I stepped from Plank to Plank
A slow and cautious way
The Stars about my Head I felt
About my feet the Sea.

I knew not but the next
Would be my final inch -
This gave me that precarious Gait
Some call Experience.

Emily Dickinson, c. 1864

Sunday, May 29, 2016

Lost loved ones and good news

Bald eagle at Lummi Flats
I snagged this picture from "Love Bellingham" on Facebook, taken by Laurie Winters. It's a beautiful picture of a bird we see plenty of around here. In most parts of the country, you'd be ecstatic to see one, but here they are ubiquitous. In fact, just yesterday a friend of mine took a picture of one that visited her clothesline and stayed for awhile. I almost used her picture, but this one seemed to portray not only the eagle, the water behind, but is also a fitting symbol for Memorial Day, which is tomorrow.

I knew I was in trouble this morning when I thought of writing this post. No pictures came to mind, and I perused my stash of them thoughtfully, but nothing emerged. Pictures of my garden, flowers in bloom, Arlington National Cemetery pictures, nothing seemed quite right for the mood I am in this morning. Thinking of my relatives who served in the military, wanting to honor them all by remembering them on this Memorial Day, I went to Wikipedia to learn about just what exactly Memorial Day is about. It was first called Decoration Day and started in 1868 and reminds us to remember those who died while serving in the US armed forces. Although my son Chris died while serving, he was thankfully not killed in a war but instead died of a heart attack. If he had lived another year, he would have been sent to Iraq and probably would have died there. I can be thankful for that small comfort.

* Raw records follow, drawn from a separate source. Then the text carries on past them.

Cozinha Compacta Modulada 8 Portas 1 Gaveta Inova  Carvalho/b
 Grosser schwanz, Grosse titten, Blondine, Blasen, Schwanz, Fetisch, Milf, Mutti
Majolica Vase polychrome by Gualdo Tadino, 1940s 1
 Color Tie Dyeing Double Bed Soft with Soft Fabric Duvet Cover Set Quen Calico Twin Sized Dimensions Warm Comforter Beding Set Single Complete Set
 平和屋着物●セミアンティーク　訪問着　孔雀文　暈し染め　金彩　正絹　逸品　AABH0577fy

It's been long enough now that I recall most of his life without pain, except for that last awful visit to watch his body being lowered into the ground. I try not to bring that period of time into conscious memory very often, but maybe today is a good time. I had not seen Chris since he left for Germany when I received a call from his wife that he had died. That moment when I heard the news is etched into my memory and cannot be erased. August 15, 2002: it's the day when I learned that my beautiful son was no longer. The pain of that memory still makes my breath become shallow and my heart tighten in my chest. I will probably carry that moment of sorrow for the rest of my life.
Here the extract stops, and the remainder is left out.